As he assembles his transition team, Martin O'Malley has just two months to plan his agenda for the coming General Assembly session. Here's something that shouldn't be included: Slot machines. If the past four years have demonstrated anything, it's the problematic nature of forcing slots on a legislature with, at best, ambivalent feelings on the topic. Looking for support in the House of Delegates is tantamount to getting involved in a land war in Asia - messy and unwinnable.

Mr. O'Malley has said he could support a limited number of slot machines at Maryland racetracks, but the issue was hardly a centerpiece of his campaign. Senate President Thomas V. Mike Miller is certain to push for them, but there's no groundswell of public support for slots to back him up.

Proponents will argue that slots could enrich Maryland's struggling racing industry. This is probably true (at least for track owners), but the bigger question is, at what cost? They breed crime, political corruption, gambling addictions and other social ills, cause harm to competing restaurants and retailers, and represent a kind of regressive tax on the poor and middle class.

The other rationale is that slots would reap a bonanza for the state treasury. But such an argument requires a serious uptick in gambling - thousands, if not tens of thousands, of machines. And with slots-happy West Virginia and Delaware vying to put each other out of business (and looking toward table games in the future), how far would Maryland have to go to compete? Pennsylvania is planning 14 casinos. Do we hear 15? Twenty? Fifty?

House Speaker Michael E. Busch doesn't like slots, and his principled stand these last four years has only raised his stature in the Democratic caucus. Mr. Miller can stomp and shout all he wants, but the repeated failure of slots legislation didn't hurt his party one bit in the last election. Why would Mr. Busch's position change now?

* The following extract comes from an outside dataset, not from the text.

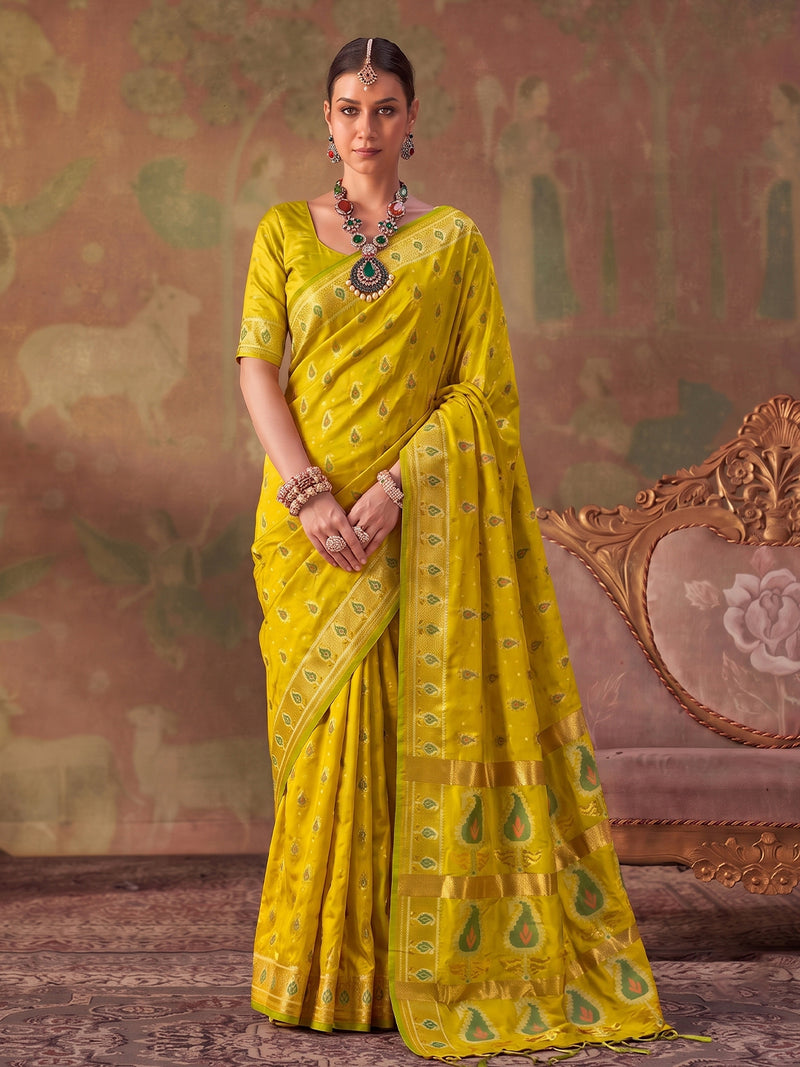 Mustard Soft Silk Woven Paisley Saree | EZB SI04 SUKHV1007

But this impasse doesn't mean racing should be abandoned. The sport's historic contributions, its jobs and its significance to the horse industry are too important to be ignored. What's needed is a plan to revive racing that would feature both private investment and public benefit. It will likely require subsidizing track purses, but in return should also ensure the Preakness - and its many benefits - stays in Maryland.

That may be a tall order for any governor, but the political rewards are obvious. After four years of slots gridlock in Annapolis, coming up with a viable plan to help racing - and getting legislative approval for it - would demonstrate that a new era of progress and compromise has truly arrived.